If the continuation of the estate in the grantee may be made to depend upon his not selling or leasing to persons of African, Chinese, or Japanese descent, it may be made. to depend upon his not selling or leasing to persons of Caucasian descent, or to any but albinos from the heart of Africa or blond Eskimos. It is impossible, on any known principle, to say that a condition not to sell to any of a very large class of persons, such as those embraced within the category of descendants from African, Chinese, or Japanese ancestors, shall not be deemed an unreasonable restraint upon alienation, but that the proscribed class may be so enlarged that finally the restriction becomes unreasonable and void. Where shall the dividing line be placed? What omniscience shall tell us when the restraint passes from reasonableness to unreasonableness? Who can know whether he has title to the land until the question of reasonableness has been passed upon by the court of last resort? No matter how large or how partial and infinitesimal the restraint may be, the principles of natural right, the reasons of public policy, and that principle of the common law which forbids restraints upon the disposition of one's own property, are as effectually overthrown by the one as by the other. The difference is of degree, not principle.

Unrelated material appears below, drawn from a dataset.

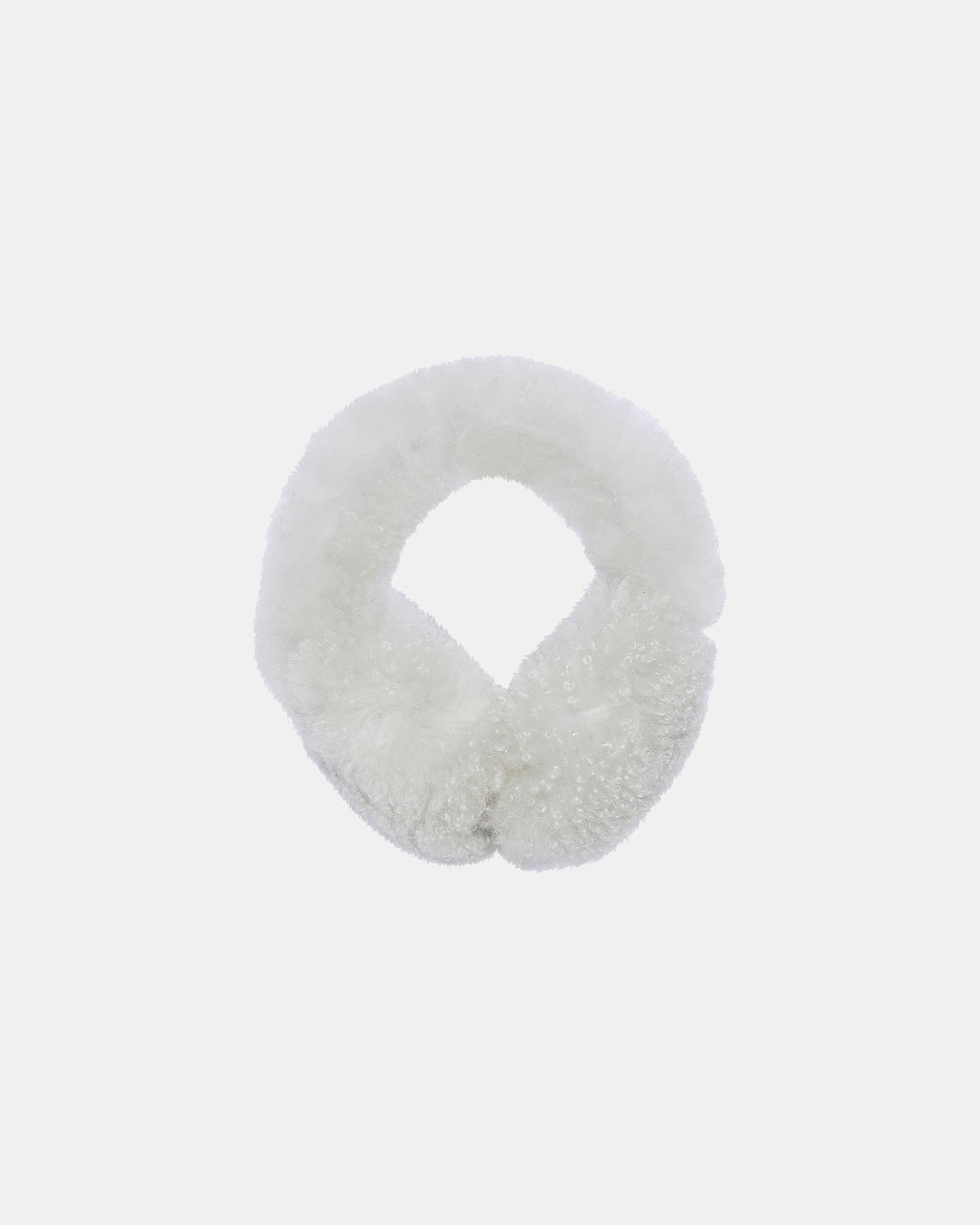 Cashmere lambskin shearling earmuffs - Yves Salomon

Though there is no case in this state to which our attention has been called that is directly in point, we think

the reasoning of the California cases leads necessarily to the conclusion that a condition against alienation such as we have presented to us in this case is void. (See Mur

ray v. Green, 64 Cal. 367, 368, [28 Pac. 118]; Maynard v. Polhemus, 74 Cal. 141, [15 Pac. 451]; Prey v. Stanley, 110 Cal. 423, [42 Pac. 908], and Bonnell v. McLaughlin, 173 Cal. 216, [159 Pac. 590].) In Murray v. Green the court expressly declares against the doctrine that any partial restraint on alienation may be valid, saying: "But it is claimed that while a general restraint upon alienation is bad, a partial restraint is valid. But is it not obvious that in case of a grant in fee simple, where there is no possibility of reverter, any restraint whatever on the power of alienation would be repugnant to the interest created by the grant? In commenting upon the clause in which Littleton says: 'But if the condition be such that the foeffee shall not alien to such a one, naming his name, or to any of his heirs, or of the issue of such a one, etc., or the like, which conditions do not take away all power of alienation from the feoffee, etc., there such condition is good,' Chancellor Kent says: 'But this falls within the general principle, and it may be very questionable whether such a condition would be good at this day.' (4 Kent's Commentaries, 131.)"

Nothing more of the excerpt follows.